Fit-for-purpose pharmacodynamic biomarkers could expedite development of combination anti-angiogenic regimens. Plasma sVEGFR2 concentrations ([sVEGFR2]) mark sunitinib effects on the systemic vasculature. We hypothesized that cilengitide would impair microvasculature recovery during sunitinib withdrawal and could be detected through changes in [sVEGFR2].
Advanced solid tumor patients received sunitinib 50 mg daily for 14 days. For the next 14 days, patients were randomized to Arm A (cilengitide 2000 mg administered intravenously twice weekly (BIW)), or Arm B (no treatment). The primary endpoint was change in [sVEGFR2] between Day 14 and Day 28. A candidate pharmacodynamic biomarker of cilengitide inhibition of integrin αvβ3, serum c-telopeptide collagen crosslinks (CTx), was also measured.
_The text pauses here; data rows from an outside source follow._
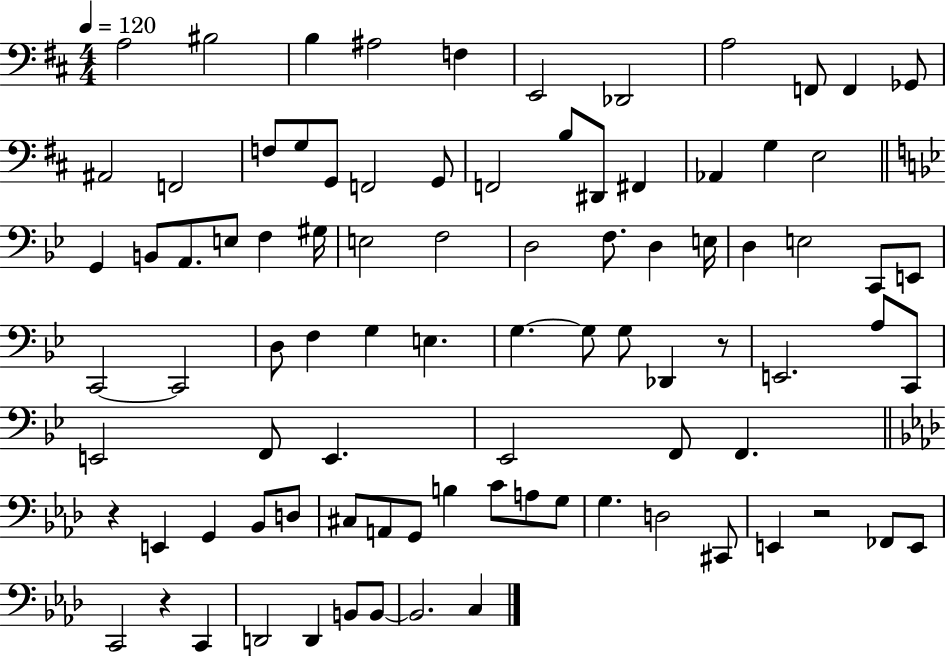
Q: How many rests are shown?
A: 4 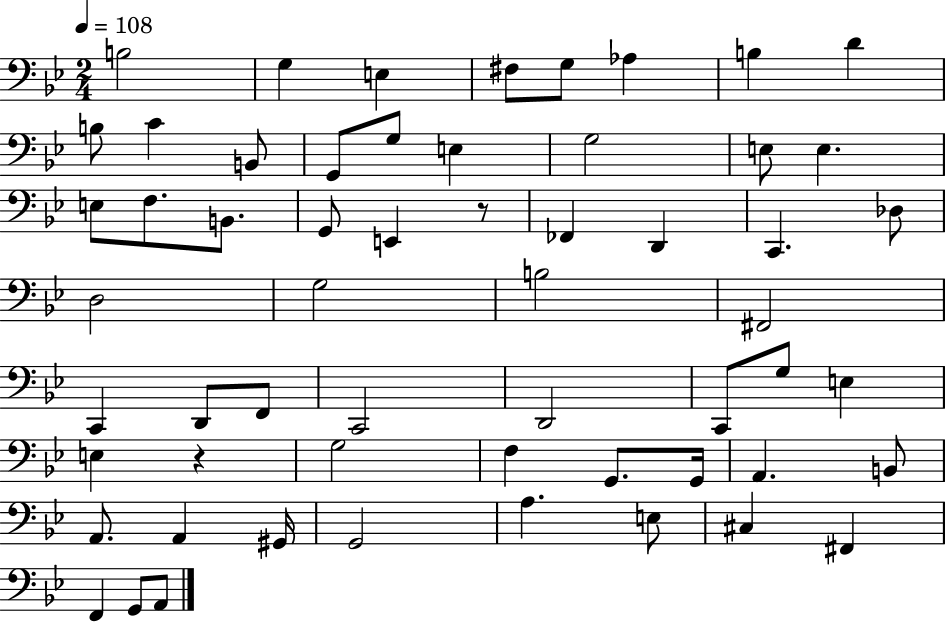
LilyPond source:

{
  \clef bass
  \numericTimeSignature
  \time 2/4
  \key bes \major
  \tempo 4 = 108
  b2 | g4 e4 | fis8 g8 aes4 | b4 d'4 | \break b8 c'4 b,8 | g,8 g8 e4 | g2 | e8 e4. | \break e8 f8. b,8. | g,8 e,4 r8 | fes,4 d,4 | c,4. des8 | \break d2 | g2 | b2 | fis,2 | \break c,4 d,8 f,8 | c,2 | d,2 | c,8 g8 e4 | \break e4 r4 | g2 | f4 g,8. g,16 | a,4. b,8 | \break a,8. a,4 gis,16 | g,2 | a4. e8 | cis4 fis,4 | \break f,4 g,8 a,8 | \bar "|."
} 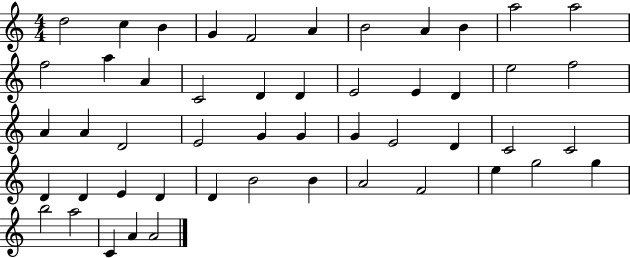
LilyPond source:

{
  \clef treble
  \numericTimeSignature
  \time 4/4
  \key c \major
  d''2 c''4 b'4 | g'4 f'2 a'4 | b'2 a'4 b'4 | a''2 a''2 | \break f''2 a''4 a'4 | c'2 d'4 d'4 | e'2 e'4 d'4 | e''2 f''2 | \break a'4 a'4 d'2 | e'2 g'4 g'4 | g'4 e'2 d'4 | c'2 c'2 | \break d'4 d'4 e'4 d'4 | d'4 b'2 b'4 | a'2 f'2 | e''4 g''2 g''4 | \break b''2 a''2 | c'4 a'4 a'2 | \bar "|."
}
Of 21 patients, 14 (7/arm) received all treatments without interruption and had all blood samples available for analysis. The mean change and standard deviation of [sVEGFR2] for all sunitinib-treated patients was consistent with previous data. There was no significant difference in the mean change in [sVEGFR2] from Day 14 to Day 28 between the arms (Arm A: 2.8 ng/mL [95% CI 2.1, 3.6] vs. Arm B: 2.0 ng/mL [95% CI 0.72, 3.4] P = 0.22, two sample t test). Additional analyses suggested: 1) prior bevacizumab therapy to be associated with unusually low baseline [sVEGFR2], and 2) sunitinib causes measurable changes in CTx.
Cilengitide had no measurable effects on any circulating biomarkers. Sunitinib caused measurable declines in serum CTx. The properties of [sVEGFR2] and CTx observed in this study inform the design of future combination anti-angiogenic therapy trials.